Think back on a time when you forgave someone who possibly didn’t deserve it. How did you feel before you were able to forgive? How did you feel after you forgave them? Now ponder on the following: something you need to be forgiven for, someone you need to forgive, and how you will approach those situations. It’s hard to ask for forgiveness, but as you look at times past when you received grace and forgiveness, focus on the freedom. The freedom that comes from knowing someone has forgiven you can’t be matched by anything you could get in this world. The freedom you forgive from releasing someone for wronging you releases the same life and energy back into the world.

I want to challenge you to go to someone you may have offended, and ask for forgiveness. It might not be easy, but it surely is worth it. Even if they aren’t able to forgive you now, give it time. Just admiring you need to ask begins the healing process. If someone asked you for forgiveness that you weren’t able to give, search your heart and find a way. Go to them, and tell them you forgive them.

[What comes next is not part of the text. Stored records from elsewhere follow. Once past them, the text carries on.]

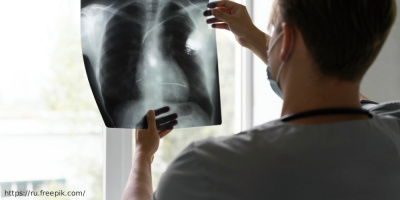 Всемирный день борьбы с туберкулёзом: знания спасают жизни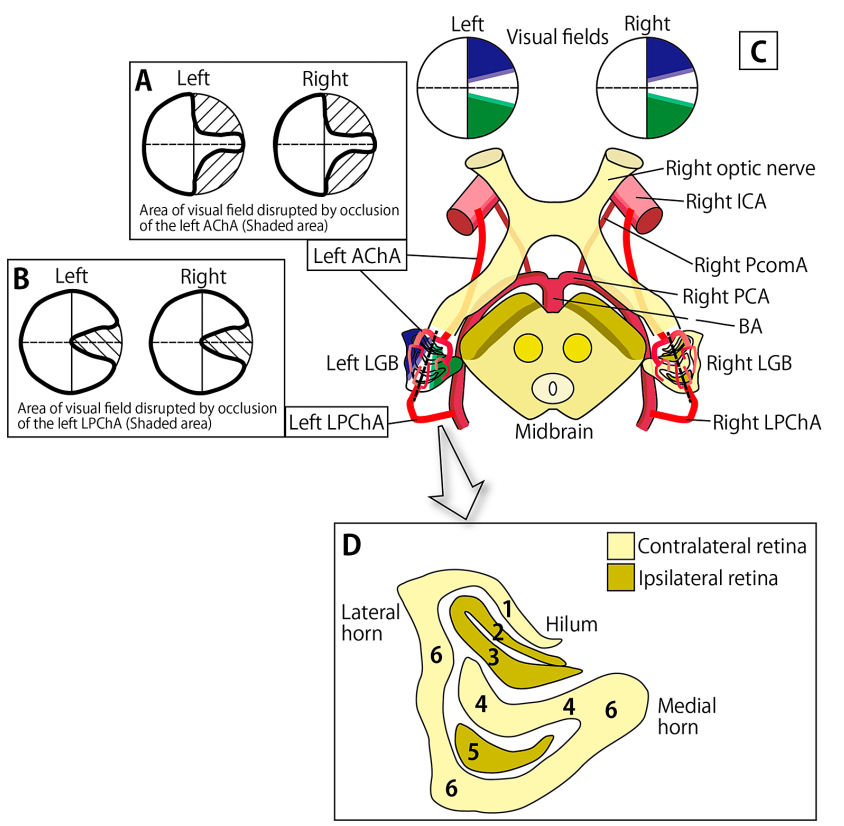 piandro3142's tweet photo. Lesions of the lateral geniculate nucleus, e.g. infarcts of anterior choroidal a. or lateral choroidal a., cause bizarre visual field deficits - homonymous sectoranopia.

The anatomy is confusing - these are the best diagrams I have found to understand it! https://t.co/OYB2J012O6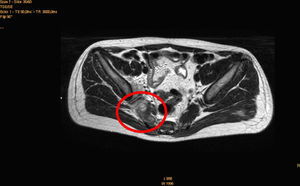 Imagen de la resonancia nuclear magnética de zona pélvica de paciente de 12 años con piomiositis del músculo piriforme debido a Staphylococcus aureus. El músculo piriforme derecho (círculo) se visualiza aumentado de tamaño y edematoso.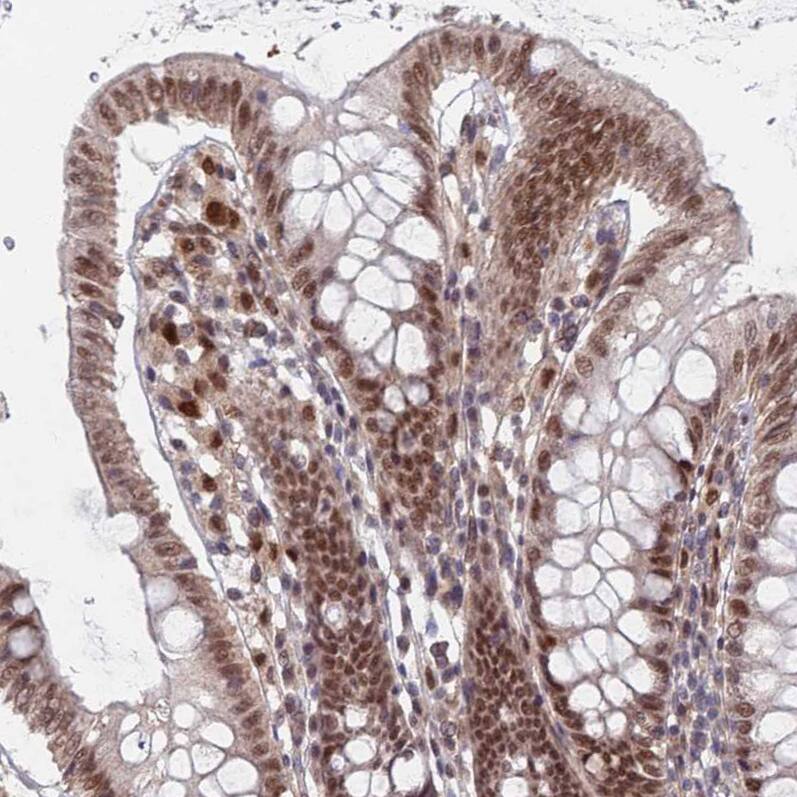RPP25 Antibody - BSA Free Immunohistochemistry: RPP25 Antibody - BSA Free [NBP1-92349]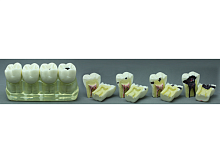TOOTH MODEL W-TYPE HL-60034, Hanil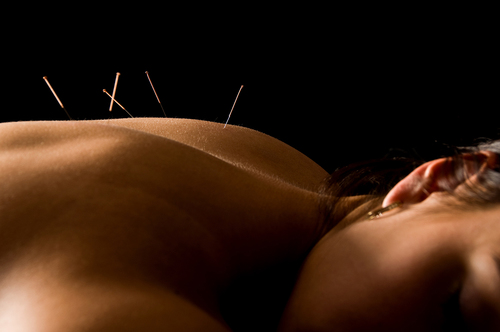 Acupuncture treatments proven successful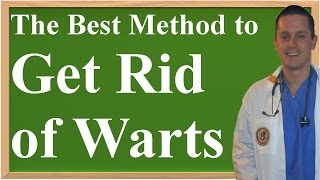 The Best Method to Get Rid of Warts at Home [upl. by Berta]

Freely you have received, and freely you should give. There is nothing but good that can come from a lifestyle of forgiveness.  I will leave you with this thought from a dear friend. until next time my friends….

To apologize is to forgive.

To say I am sorry is to say that my pride is not more important than the feeling my words or actions created.

To recognize the pain of others and apologize speaks to the brokenness of others.

My apology isn’t to shut down your thoughts and feelings.

My apology is to open the door to forgiveness.

Forgiveness speaks to the right you have to heal.

To no longer be defined by the past and mistakes placed on you by those who should be there to protect and speak life into you.